We are also limited because the dehiscences are sometimes bilateral. We chose to exclude patients in whom SSCD was bilaterally present, as it was the best way for us to have a control condition and be able to compare the healthy ear and the dehiscent ear of each included patient.

We have ensured that the study is multicentric in order to cover as much territory as possible. This approach will increase the likelihood of recruiting a broader symptomatic panel, and we will also have a better chance of recruiting the 100 subjects we aim for.
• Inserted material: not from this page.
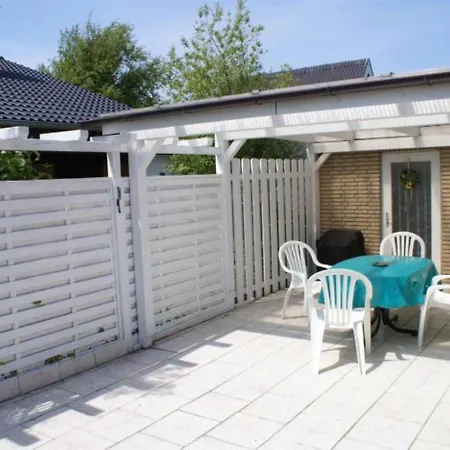 Holiday home Ringwall 70 Cuxhaven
The study follows to the Standard Protocol Items: Recommendations for Interventional Trials (SPIRIT) statement [49]. The SPIRIT checklist is provided as S1 File.

Trial status

The latest version of this protocol, as presented above, is version 2.1, established on September 29, 2023. The study inclusions are scheduled over a period of 24 months starting from the first inclusion, with each center operating independently (therefore, the project end date varies from one center to another). The first inclusion took place on April 29, 2024 at the Toulouse center. To date, 10 patients have been seen at this center. Regarding the other centers, 7 patients are scheduled at the CHU of Saint-Denis (La Réunion), and 13 patients at the CHU of Lyon. Currently, no patients are scheduled at the CHU centers of Montpellier and Bordeaux, although the research project is active locally.

Acknowledgments

We would like to thank Prof. Olivier DEGUINE, head of the ENT department at the Toulouse University Hospital (otology service), where the project is taking place, and Prof. Isabelle BERRY, director of the CerCo research laboratory, to which our project is linked. We also thank Mrs. Iholy RAJOSOA, clinical research associate, for her logistical support and the practical implementation of the project. Finally, we express our gratitude to the French Association of Superior Semicircular Canal Dehiscence Syndrome for disseminating information about the research project, and in particular to its board members, namely Marie Cueff, Stéphane Jouault, Marie-Laure Chavannes, Marion Marre, Frédérique Spildooren, Justine Paul, Gisèle Bouas, Virginie Marchal, and Sandrine Blanchier.